* _TASK INPUTS_
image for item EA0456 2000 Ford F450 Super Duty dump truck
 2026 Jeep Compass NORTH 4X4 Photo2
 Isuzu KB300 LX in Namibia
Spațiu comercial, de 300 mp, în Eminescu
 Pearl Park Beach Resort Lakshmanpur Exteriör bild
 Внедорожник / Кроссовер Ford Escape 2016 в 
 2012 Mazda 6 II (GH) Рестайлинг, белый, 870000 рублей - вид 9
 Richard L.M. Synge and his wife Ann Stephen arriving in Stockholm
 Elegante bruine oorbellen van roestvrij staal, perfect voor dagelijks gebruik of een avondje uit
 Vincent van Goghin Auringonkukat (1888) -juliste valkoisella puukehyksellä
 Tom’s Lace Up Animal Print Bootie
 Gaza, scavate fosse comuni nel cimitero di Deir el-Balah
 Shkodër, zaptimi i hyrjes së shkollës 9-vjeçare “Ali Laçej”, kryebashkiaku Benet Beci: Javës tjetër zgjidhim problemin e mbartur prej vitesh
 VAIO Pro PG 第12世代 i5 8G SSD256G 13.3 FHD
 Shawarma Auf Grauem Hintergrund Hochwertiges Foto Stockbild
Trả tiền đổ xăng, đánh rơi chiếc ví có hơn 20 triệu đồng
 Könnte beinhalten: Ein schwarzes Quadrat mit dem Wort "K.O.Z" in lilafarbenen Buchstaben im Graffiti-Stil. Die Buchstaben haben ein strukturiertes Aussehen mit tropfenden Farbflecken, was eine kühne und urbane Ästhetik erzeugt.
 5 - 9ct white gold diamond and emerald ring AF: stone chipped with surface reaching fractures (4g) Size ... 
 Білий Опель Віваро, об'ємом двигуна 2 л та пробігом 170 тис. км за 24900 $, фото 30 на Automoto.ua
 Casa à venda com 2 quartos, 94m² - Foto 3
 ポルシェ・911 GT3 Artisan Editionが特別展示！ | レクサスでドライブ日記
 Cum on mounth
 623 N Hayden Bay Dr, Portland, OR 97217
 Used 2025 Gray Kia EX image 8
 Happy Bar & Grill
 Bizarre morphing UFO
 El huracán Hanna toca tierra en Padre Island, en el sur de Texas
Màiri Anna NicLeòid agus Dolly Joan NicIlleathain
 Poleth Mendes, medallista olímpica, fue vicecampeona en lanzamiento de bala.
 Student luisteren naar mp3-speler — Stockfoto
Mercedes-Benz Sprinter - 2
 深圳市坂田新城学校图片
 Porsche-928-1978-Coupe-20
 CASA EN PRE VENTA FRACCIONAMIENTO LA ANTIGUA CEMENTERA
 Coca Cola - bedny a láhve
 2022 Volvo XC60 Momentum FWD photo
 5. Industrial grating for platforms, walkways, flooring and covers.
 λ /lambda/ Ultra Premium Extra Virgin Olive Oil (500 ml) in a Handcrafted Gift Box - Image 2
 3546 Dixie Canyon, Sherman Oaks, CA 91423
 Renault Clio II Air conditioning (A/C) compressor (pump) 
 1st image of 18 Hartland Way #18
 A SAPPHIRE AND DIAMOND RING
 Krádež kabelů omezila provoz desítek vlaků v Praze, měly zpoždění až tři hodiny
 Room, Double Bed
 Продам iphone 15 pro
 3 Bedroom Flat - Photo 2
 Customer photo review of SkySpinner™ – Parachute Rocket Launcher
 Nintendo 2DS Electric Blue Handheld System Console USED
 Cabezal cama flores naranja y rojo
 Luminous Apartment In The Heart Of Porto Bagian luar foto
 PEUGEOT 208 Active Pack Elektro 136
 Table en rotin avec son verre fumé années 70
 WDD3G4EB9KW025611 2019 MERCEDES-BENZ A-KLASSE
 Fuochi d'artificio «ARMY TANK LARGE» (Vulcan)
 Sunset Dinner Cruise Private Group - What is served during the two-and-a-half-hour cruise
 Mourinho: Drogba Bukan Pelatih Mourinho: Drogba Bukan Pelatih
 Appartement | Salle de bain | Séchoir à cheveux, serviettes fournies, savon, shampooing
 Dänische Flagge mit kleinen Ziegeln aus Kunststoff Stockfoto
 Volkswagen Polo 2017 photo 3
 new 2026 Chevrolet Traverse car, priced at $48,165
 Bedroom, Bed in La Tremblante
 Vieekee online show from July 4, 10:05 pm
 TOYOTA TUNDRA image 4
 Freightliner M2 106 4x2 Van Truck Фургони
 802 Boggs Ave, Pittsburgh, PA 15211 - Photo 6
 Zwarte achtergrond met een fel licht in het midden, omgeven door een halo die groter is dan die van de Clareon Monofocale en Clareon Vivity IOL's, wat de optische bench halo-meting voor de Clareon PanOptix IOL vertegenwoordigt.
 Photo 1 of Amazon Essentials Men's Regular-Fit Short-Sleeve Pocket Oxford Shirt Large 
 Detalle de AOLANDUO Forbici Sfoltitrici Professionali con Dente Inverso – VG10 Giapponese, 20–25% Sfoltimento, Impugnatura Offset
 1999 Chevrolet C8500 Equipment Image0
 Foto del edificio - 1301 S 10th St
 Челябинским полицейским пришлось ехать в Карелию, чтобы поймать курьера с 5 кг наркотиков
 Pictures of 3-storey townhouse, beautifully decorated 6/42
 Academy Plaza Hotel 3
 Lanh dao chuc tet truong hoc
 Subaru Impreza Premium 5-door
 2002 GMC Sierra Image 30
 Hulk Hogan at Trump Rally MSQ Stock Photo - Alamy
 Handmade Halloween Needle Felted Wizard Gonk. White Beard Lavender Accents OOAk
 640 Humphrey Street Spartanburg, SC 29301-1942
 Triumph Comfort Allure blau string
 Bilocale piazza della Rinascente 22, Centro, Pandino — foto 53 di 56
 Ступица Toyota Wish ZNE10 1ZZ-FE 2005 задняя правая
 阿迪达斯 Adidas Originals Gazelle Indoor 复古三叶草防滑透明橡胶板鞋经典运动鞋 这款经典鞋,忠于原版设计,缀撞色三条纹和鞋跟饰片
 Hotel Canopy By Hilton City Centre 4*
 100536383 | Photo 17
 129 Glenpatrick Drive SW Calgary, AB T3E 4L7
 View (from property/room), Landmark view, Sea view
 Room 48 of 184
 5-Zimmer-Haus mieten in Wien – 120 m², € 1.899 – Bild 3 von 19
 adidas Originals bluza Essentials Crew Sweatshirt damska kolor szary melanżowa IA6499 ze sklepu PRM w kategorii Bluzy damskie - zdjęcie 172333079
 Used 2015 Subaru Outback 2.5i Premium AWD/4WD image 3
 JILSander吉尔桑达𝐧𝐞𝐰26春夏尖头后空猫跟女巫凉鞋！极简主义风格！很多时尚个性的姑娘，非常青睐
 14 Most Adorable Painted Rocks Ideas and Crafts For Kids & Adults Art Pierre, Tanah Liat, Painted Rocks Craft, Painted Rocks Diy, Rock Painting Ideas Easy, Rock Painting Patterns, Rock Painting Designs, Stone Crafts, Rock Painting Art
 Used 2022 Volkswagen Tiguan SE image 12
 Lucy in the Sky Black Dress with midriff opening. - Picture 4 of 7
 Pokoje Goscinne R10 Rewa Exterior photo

* _WORK INSTRUCTIONS_
Transcribe, with no changes, the listing above from its first line through the line with "Внедорожник / Кроссовер Ford Escape 2016 в", including that line, and stop once it is done.

* _SOLUTION TO THIS EXERCISE_
image for item EA0456 2000 Ford F450 Super Duty dump truck
 2026 Jeep Compass NORTH 4X4 Photo2
 Isuzu KB300 LX in Namibia
Spațiu comercial, de 300 mp, în Eminescu
 Pearl Park Beach Resort Lakshmanpur Exteriör bild
 Внедорожник / Кроссовер Ford Escape 2016 в 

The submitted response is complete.